Over the New Year of 1925 Hilda became convinced she was pregnant and a quiet wedding was arranged at the parish church of distant Wangford in Suffolk, where Hilda had served as a Great War landgirl. Only a few family attended, returning to London soon after the ceremony and leaving Stanley and Hilda to make their way to their digs at Mrs Lambert’s cottage to celebrate their honeymoon. He described his feelings on that walk in a moving reminiscence [printed in full in Andrew Glew’s Stanley Spencer, Letters and Writings] ….at last we were alone. I can feel the gravel and tarmac under my feet now….We did not hurry but listened to ourselves loving.

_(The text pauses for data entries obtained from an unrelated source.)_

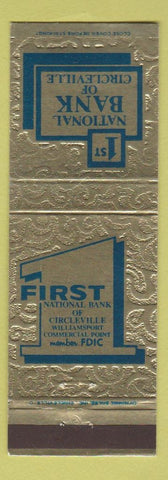 Matchbook Cover - 1st National Bank of Circleville Williamsport  OH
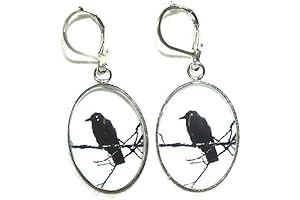 Black Bird Earrings: The Raven’s Flight
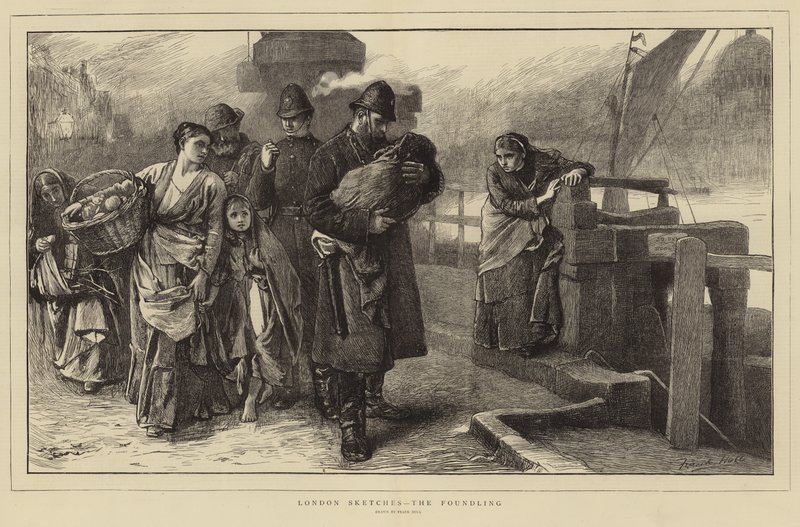 London Sketches - The Foundling by Frank Holl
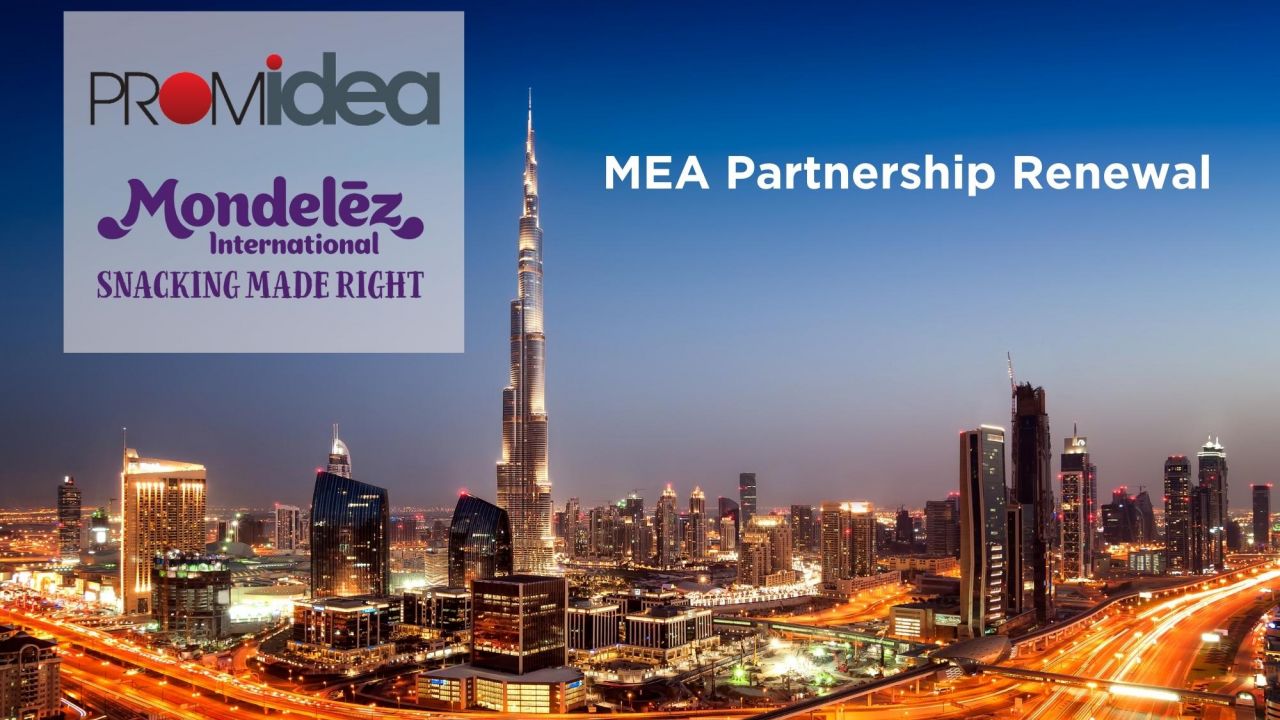 Promidea announces partnership renewal with Mondelēz International MEA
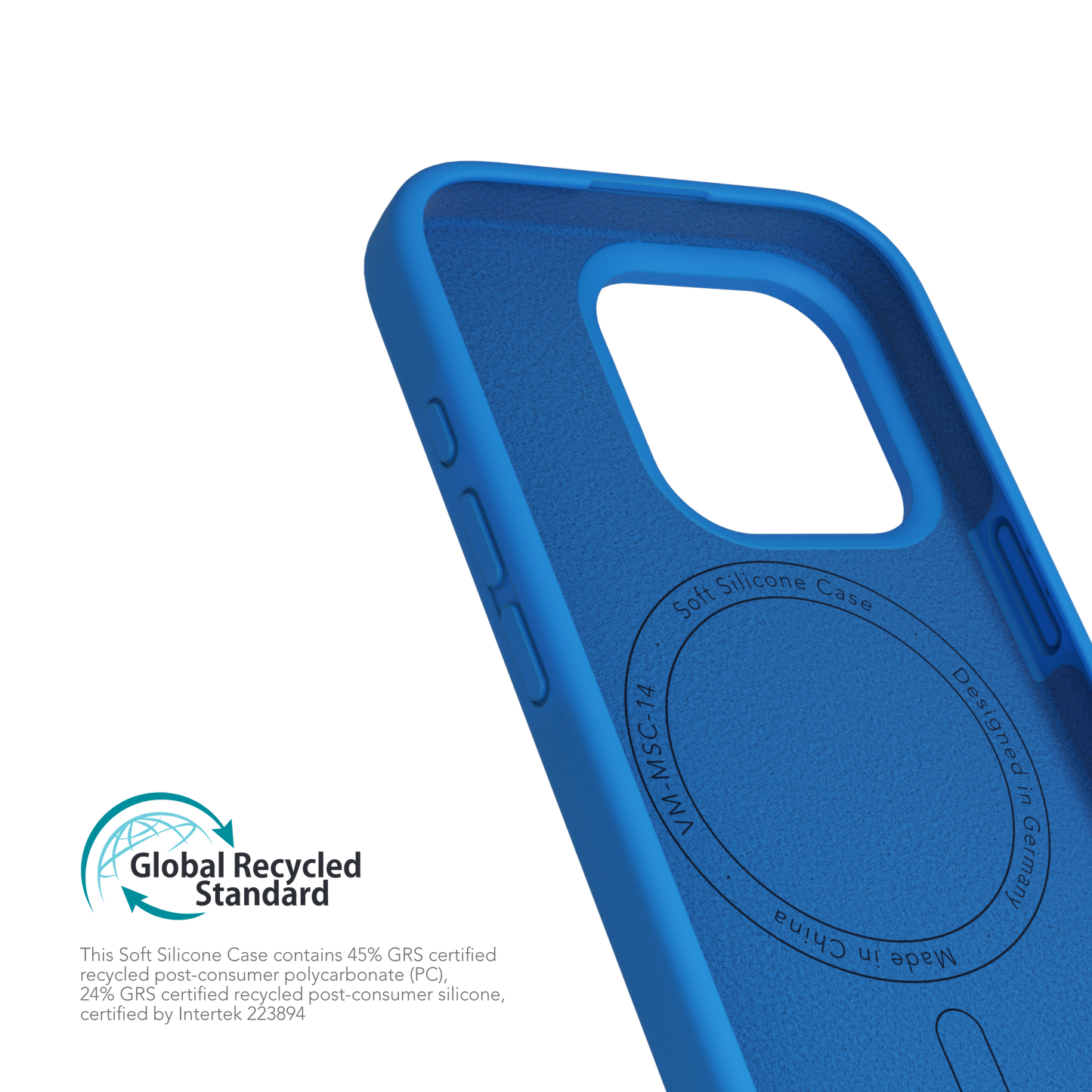VONMAHLEN Soft Silicone Case - iPhone 16 Pro - Sky Captain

We stood singly about like things set adrift. How lovely it was. In our apparently aimless standing about we loved and mentally hugged each other. I could have sat on that low garden wall off Hill St for ever….

The marriage was to prove crucial in Stanley’s emotional and artistic journey, although
its immediate impact was to compel a reappraisal of the content of The Cookham Resurrection which he had planned in his pre-nuptial state. His mastery of the resulting compositional problems ended for ever his doubts about marriage and of its 'peril' as a disturber of the peace.

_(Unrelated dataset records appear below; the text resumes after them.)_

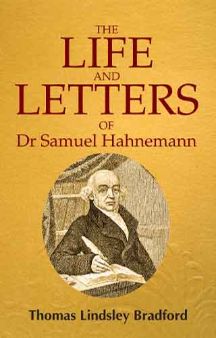 The Life And Letters Of Dr Samuel Hahnemann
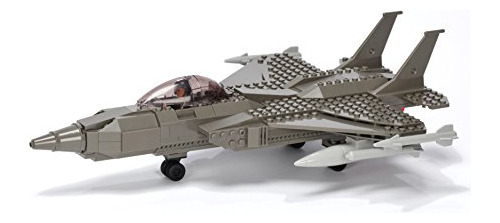 Ultimate Soldier Fighter Jet Military Building Kit, Grey
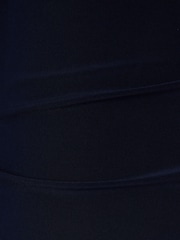 Adrianna Papell Blue Tuxedo Long Dress - Image 6 of 6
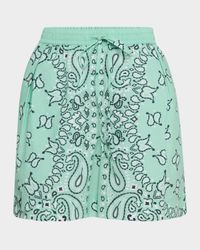 Hissels Bandana-Printed Shorts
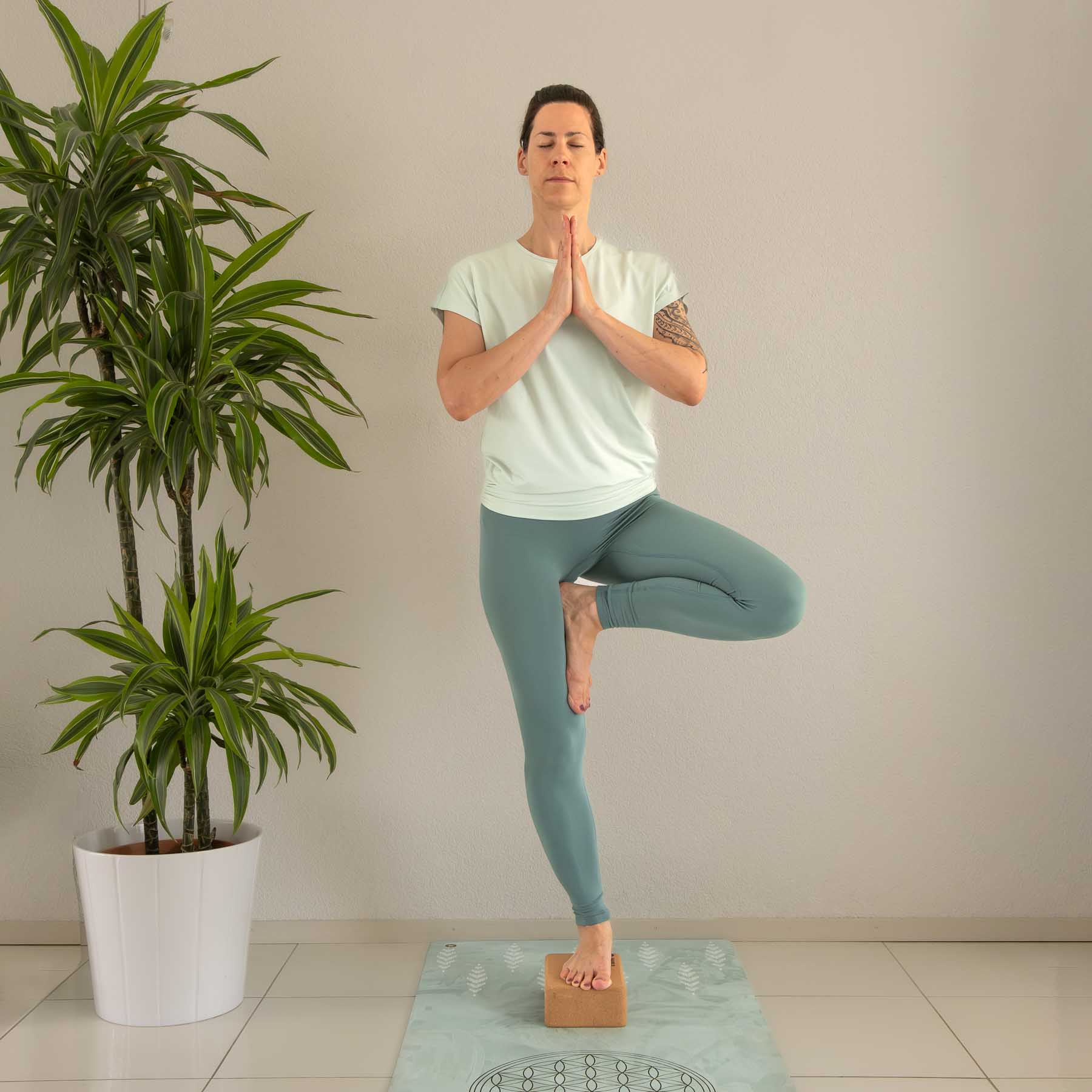 Bloc de yoga en liège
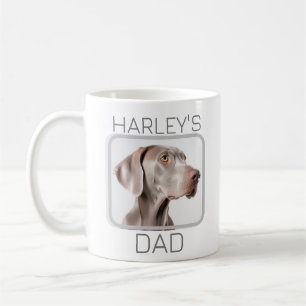 Hund Vater 2 Foto Einfach Modernes Minimalistisch Kaffeetasse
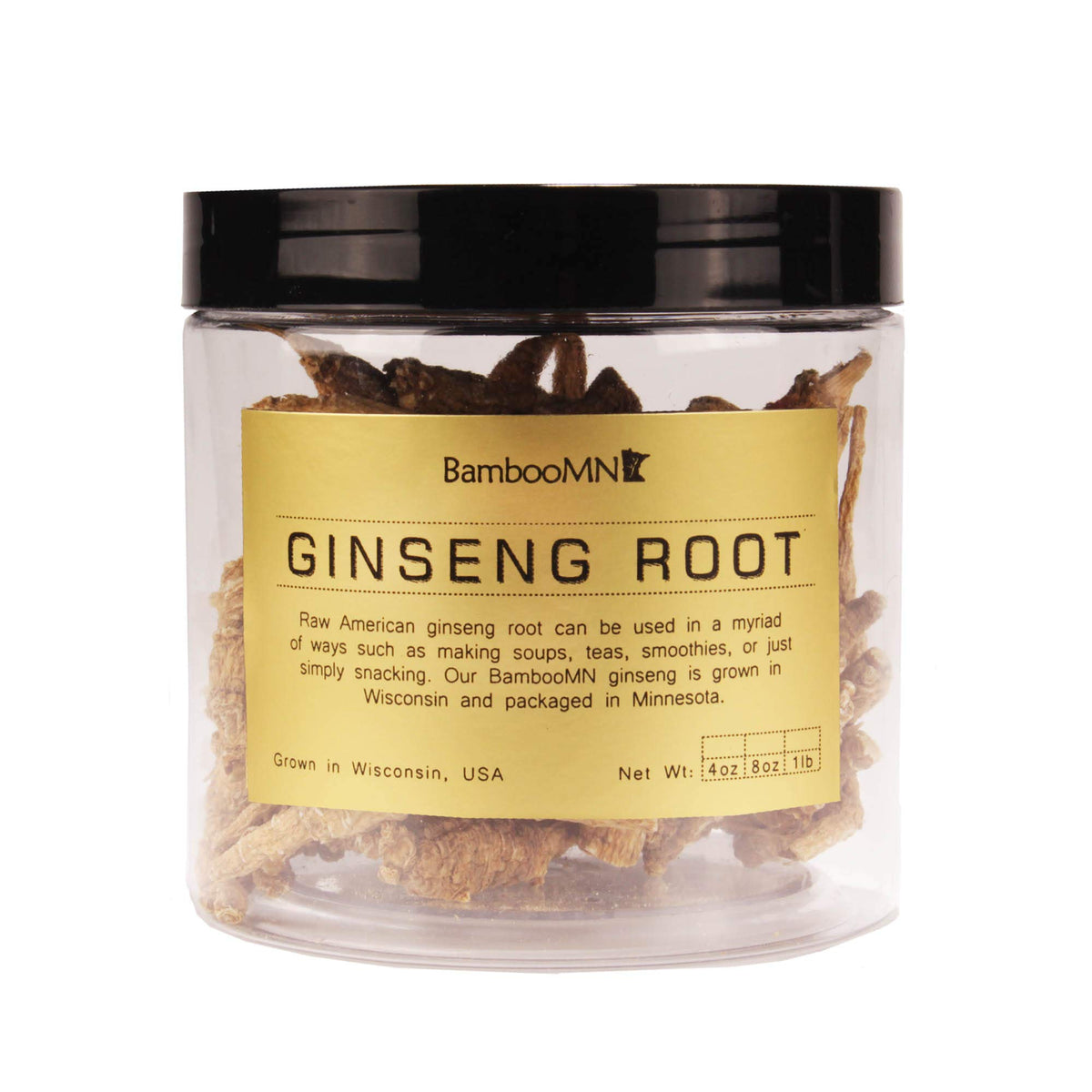 BambooMN Ginseng Root 4 Year Old American Grown Cultivated for Soups
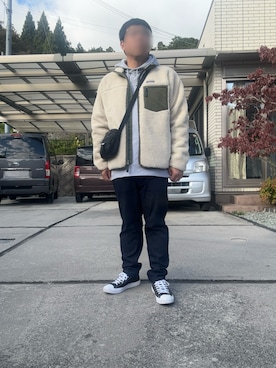 「BEAMS（ビームス）のアイテム」を使った、ぶたゲルゲさん（メンズ・173cm）の秋コーディネート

After Hilda's death in 1950, Stanley again celebrated the impact of these marriage-feelings, this time in a series of paintings he called The Marriage at Cana. In them he honoured the up-in-heaven perfection of love through marriage by recalling joyous down-to-earth moments ('epiphanies') of their life together. In an introductory painting in the series, Bride and Bridegroom, he shows them preparing to sit at a symbolic wedding breakfast. Hilda is wearing the wedding dress she prepared in earlier years, but in fact did not wear at the actual ceremony. The wedding cake stands temptingly on the table in front of them, but the room is still being prepared and there are no guests as yet. The detail suggests that Stanley is alluding to their pre-marriage lovemaking as having pre-empted the formal event. Equally intriguingly a small bridesmaid, not present in the initial drawing, peeps in from one edge of the painting, perhaps an afterthought indicating an embryonic attendant at the occasion to suggest Hilda may have been pregnant at the time.

Stanley and Hilda could never afterwards decide whether she had been pregnant or not, and according to Patricia Preece endlessly worried the question. But interesting though
it was to them in their down-to-earth life, Stanley's art tells us that it was no longer of any creative consequence for him. The miracle of love had overtaken it.